Two of the watchers were women: one, wearing a little orange sweater, seemed a factory worker or a clerk, about thirty, with a red, freckled face; the other was fiftyish, with a white blouse, a large locket with a portrait hanging over her bosom, perhaps a widow, an elementary school-teacher, to judge by her appearance. Who would think, Amerigo said to himself, now determined to see everything in the best possible light, that women have enjoyed their civil rights for so few years? They looked as if, daughter following mother, they had never done anything but prepare for elections. And what’s more, it’s the women who show the most common sense, good at little practical problems, helping the men, who are more self-conscious.
Following this train of thought, Amerigo was already content, as if it were all going for the best (apart from the dark prospects of the elections, apart from the fact that the ballot boxes were in an asylum, where they had been unable to hold political meetings, or stick up posters, or sell newspapers), as if this were already the victory, in the old struggle between State and Church, as if this were the triumph of a lay religion of civic duty, over...

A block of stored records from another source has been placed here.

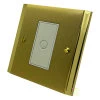 Retrofit Time Lag Switch - Non Illuminated : White Trim Art Deco Dual Satin Brass Time Lag Staircase Switch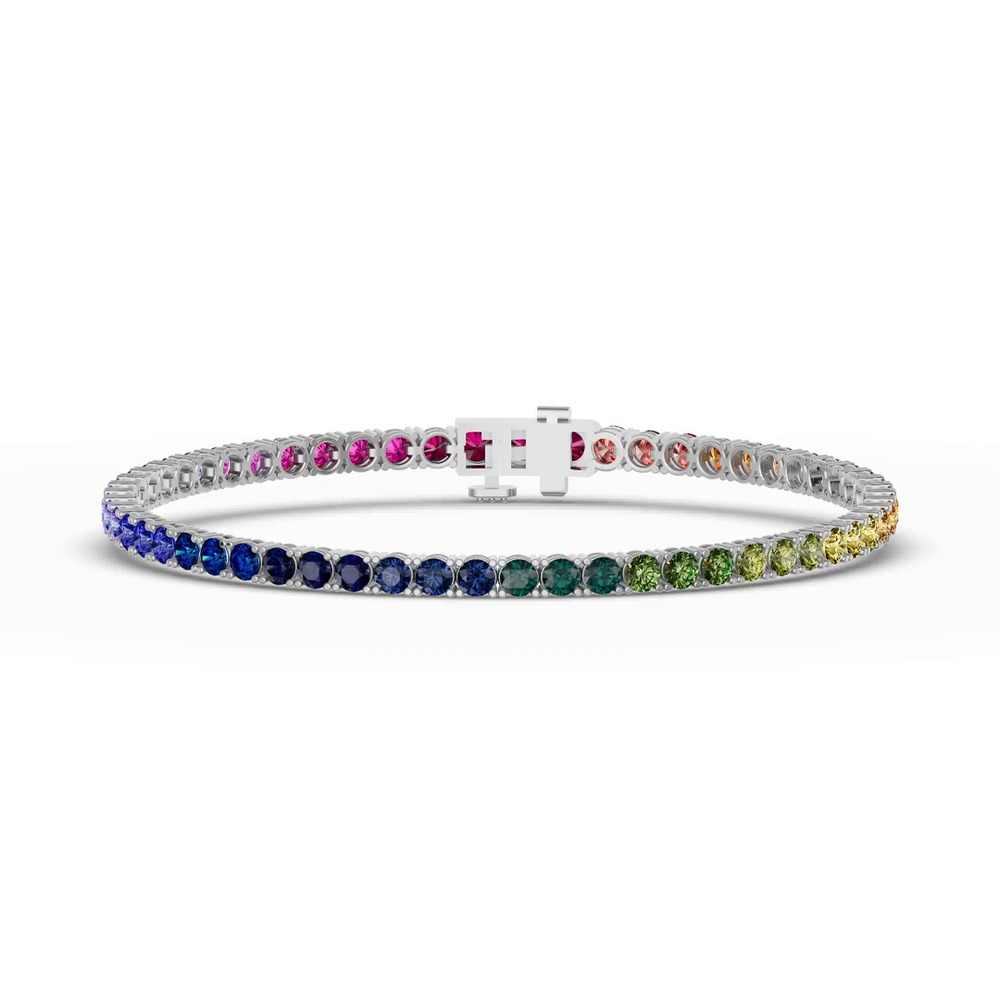 360 degree view of Rainbow Sapphire Silver Tennis Bracelet (9 ct. tw.)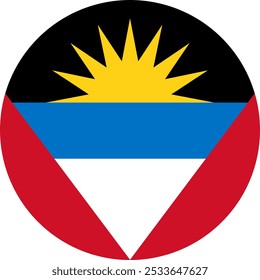 Antigua and Barbuda Circle Flag, Circle Flag of Antigua and Barbuda, Vector Images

Over what? Amerigo looked around once again, as if seeking the tangible presence of a contrary force, an antithesis, but he could grasp nothing, he could no longer set the affairs of the polls against the atmosphere that surrounded them: in the quarter of an hour he had been there, things and places had become homogeneous, joined in a sole, anonymous, administrative grayness, the same in police stations and regional offices as in the great charitable institutions. And like a man who, diving into cold water, has forced himself to believe that the pleasure of diving is in that sensation of cold, and then, swimming, has found within himself a new warmth and, with it, the sense of how cold and hostile the water really is, so Amerigo, after all his mental efforts to transform the polls’ squalor into a precious value, had gone back to his first impression—of an alien, cold place—and he felt that this was the correct view.